Are Martians blonds?

Note: a couple of news sources have posted about this topic * and have made somewhat misleading claims about it. Let me be clear: No one is claiming they found life on Mars. The idea here is based on speculation of life on Mars, and what it would mean for the tests we use to look for it. Got it? No one has found life on Mars. Yet.


Chris Bjornberg/Science Source/Photo Researchers, Inc.

Some interesting news out of the European Planetary Science Congress 2007 being held currently in Potsdam.

In 1976, the US put the first two landers on the surface of Mars. These Viking probes were designed to look for the presence of life on Mars in three different experiments. Two of the results were negative, and one, which looked at gases released when martian soil was incubated, was maddeningly inconclusive.

Two scientists (Joop Houtkooper of the University of Giessen, Germany, and Dirk Schulze-Makuch from Washington State University) have re-examined the results, and they speculate that an odd form of life could explain the third experiment’s results.
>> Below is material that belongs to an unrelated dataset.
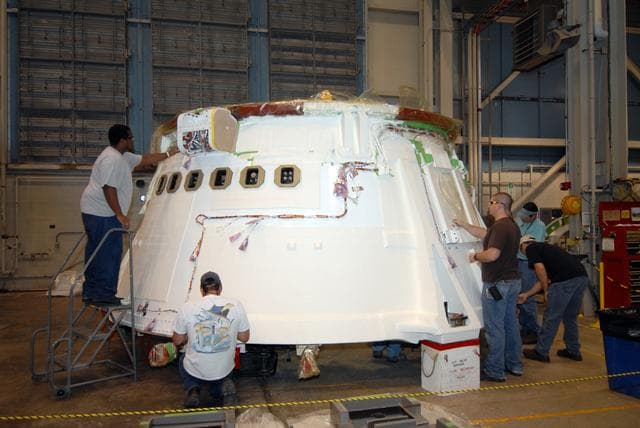 NASA image: KSC-2009-1998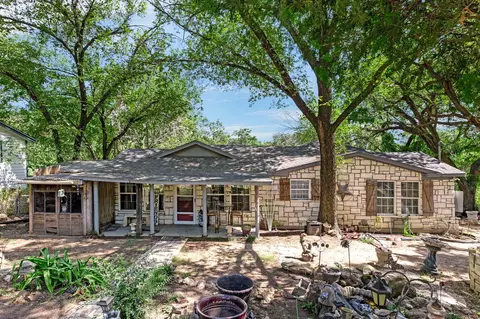 636 Alameda Rd, Azle, TX 76020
Imagine a microscopic bug of some sort that was based not on water, but on a mixture of water and hydrogen peroxide. When heated, they could produce the levels of oxygen and carbon dioxide seen in the experiment – in fact, the scientists calculate that if the soil is made up of 0.001 by weight of these little critters, it would explain the results tidily. Moreover, the H2O2 would act as a type of antifreeze, allowing the bugs to stay alive in the martian cold.

Do I buy this? Is Mars covered in little flagella with bottle-blond cilia? Well, no, I don’t. The evidence is circumstantial, of course, but it’s still pretty interesting. The question is, is it interesting enough that we should design experiments on future missions to test for this kind of life more aggressively? That depends on how well received these results are, how difficult it would be to test for this kind of life, and the biggie, how much it would cost.
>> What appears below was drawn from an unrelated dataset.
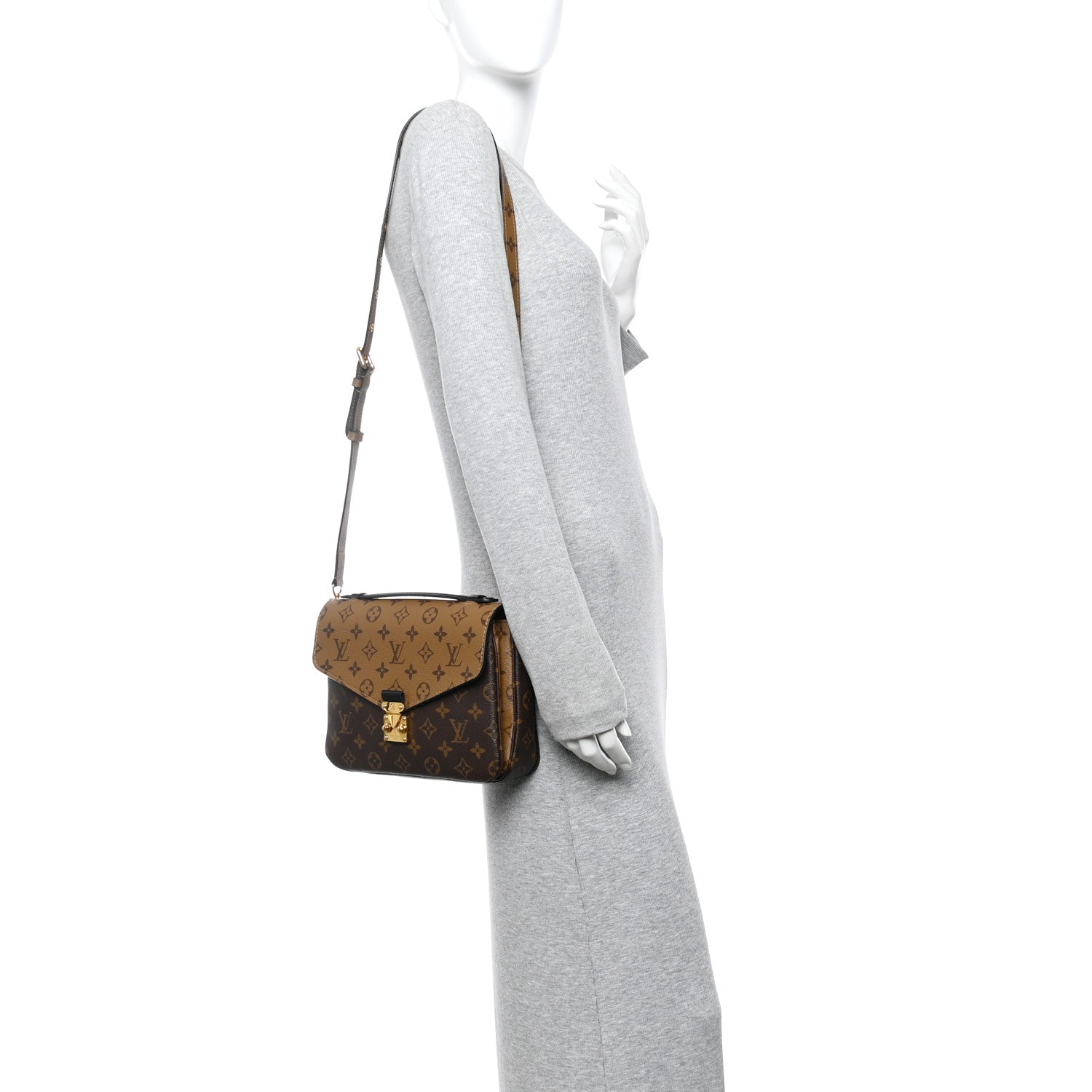Reverse Monogram Pochette Metis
Earth is a pretty congenial place for water-based life, and there’s no real reason to assume all life must be like us; in fact, when life first arose on Earth it was nothing like us – and I don’t mean bipeds with a penchant for reading blogs and starting wars based on superstitions. I mean they weren’t even oxygen-based; they grew up to use chemicals like ammonia and methane. Oxygen-users evolved later as O2 was created as a waste product of the earlier life.

We breathe some other long-dead species’ pollution.

So who’s to say what other kinds of life there are out there? We haven’t even sampled all of ours here on Earth yet, and we have some weird stuff going on right here. I don’t know if peroxide-based life is plausible, possible, or inevitable, but maybe, just maybe, it’s worth a look.

*These two news sources also appear to have broken the midnight GMT embargo (a demand not to release the news by news agencies until that time). This is IMO very skeevy of them.